**PROVIDED MATERIAL:**
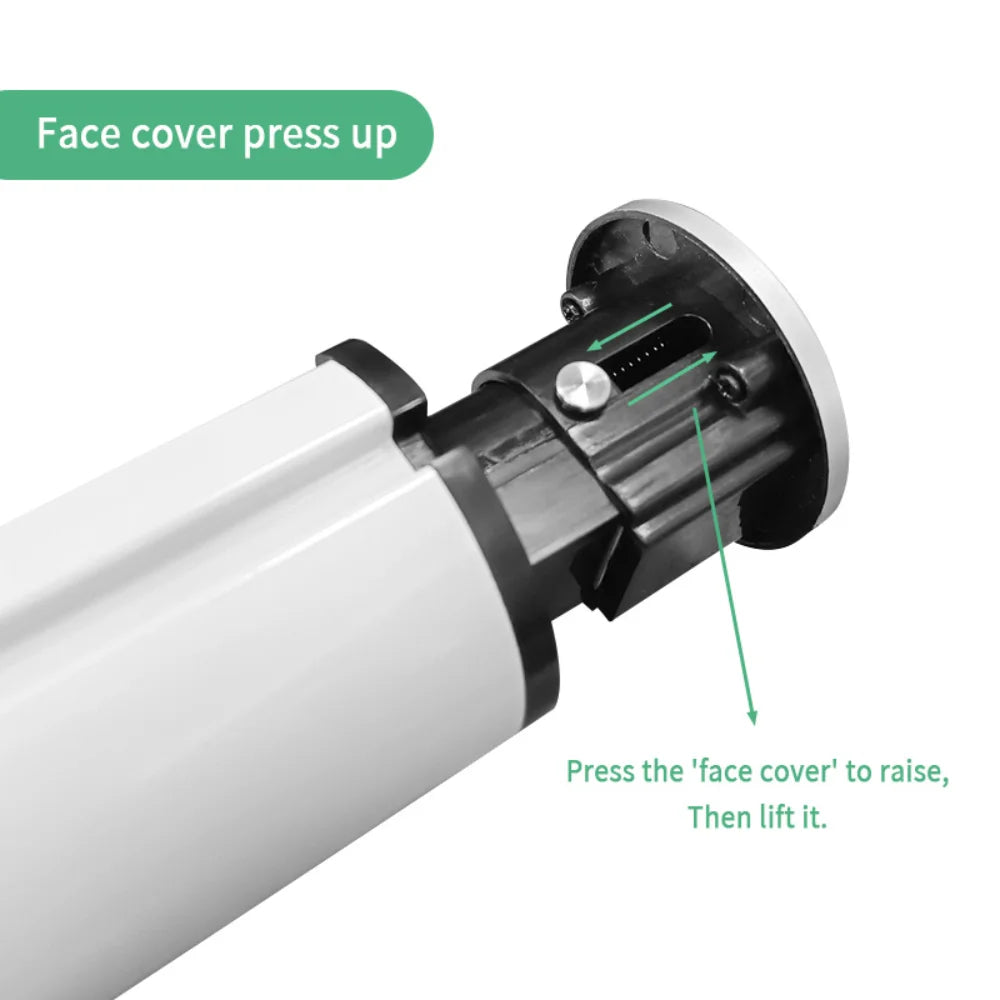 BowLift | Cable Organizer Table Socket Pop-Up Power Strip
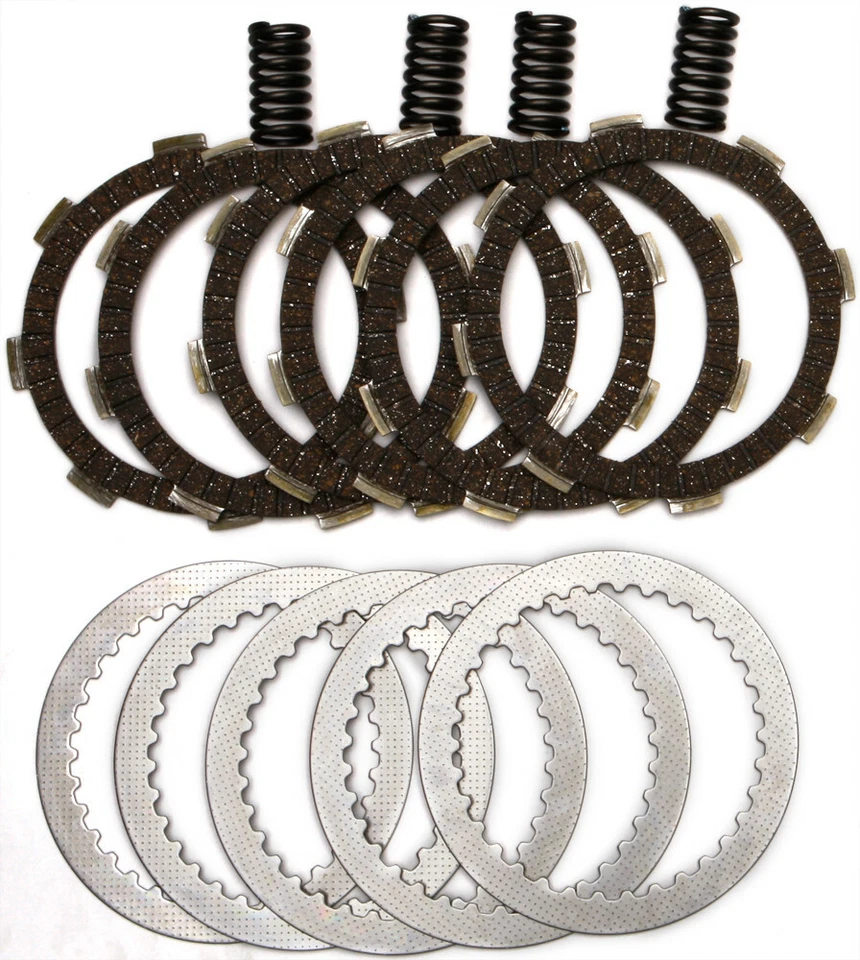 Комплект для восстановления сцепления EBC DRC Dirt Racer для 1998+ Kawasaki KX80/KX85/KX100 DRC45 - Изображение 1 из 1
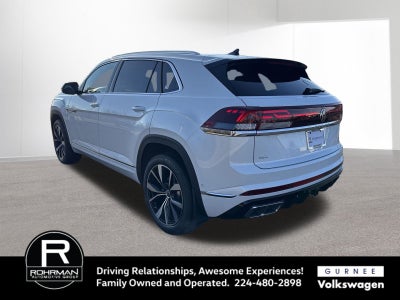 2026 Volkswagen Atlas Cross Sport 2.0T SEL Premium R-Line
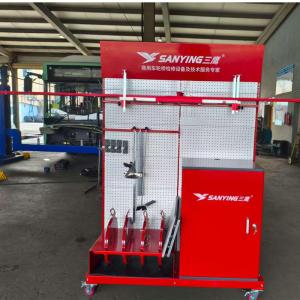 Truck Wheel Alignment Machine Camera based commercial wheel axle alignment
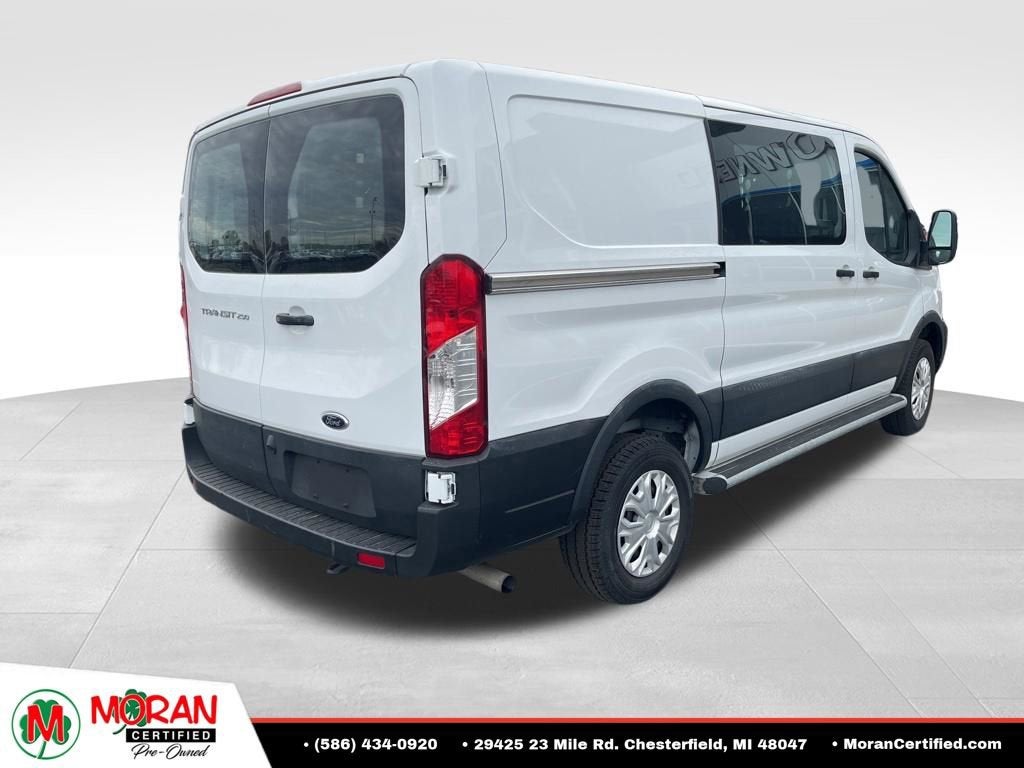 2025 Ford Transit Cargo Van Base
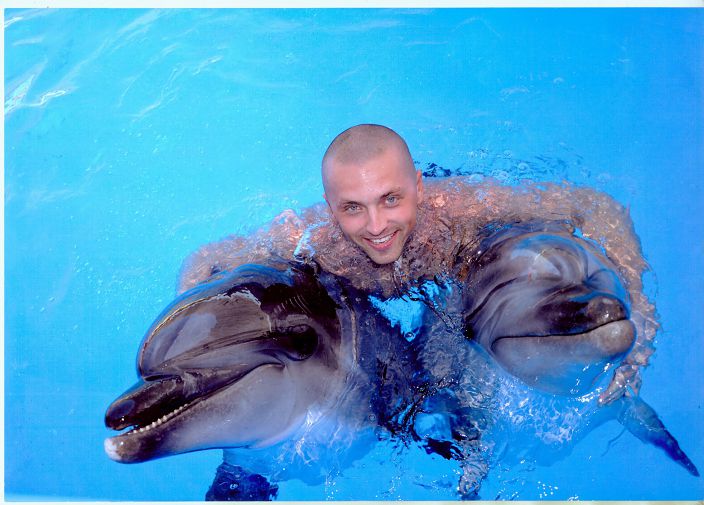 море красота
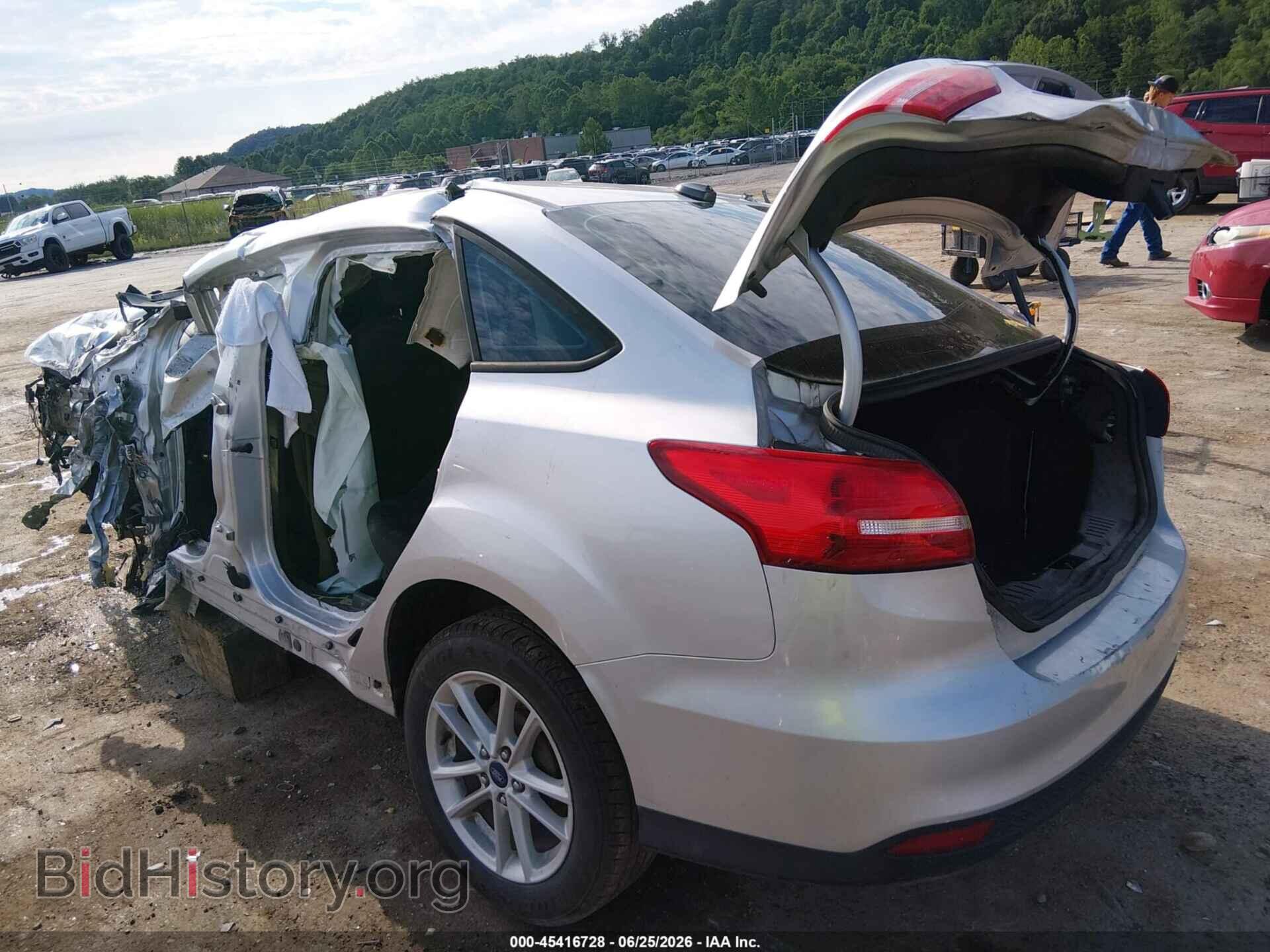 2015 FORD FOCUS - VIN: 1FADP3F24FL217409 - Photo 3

**THE PROBLEM:** What you return should be the exact lines from the one containing "2026 Volkswagen Atlas" through the end of the listing above, both included, minus any pictures.

**SOLUTION TO THE EXERCISE:**
 2026 Volkswagen Atlas Cross Sport 2.0T SEL Premium R-Line
 Truck Wheel Alignment Machine Camera based commercial wheel axle alignment
 2025 Ford Transit Cargo Van Base
 море красота
 2015 FORD FOCUS - VIN: 1FADP3F24FL217409 - Photo 3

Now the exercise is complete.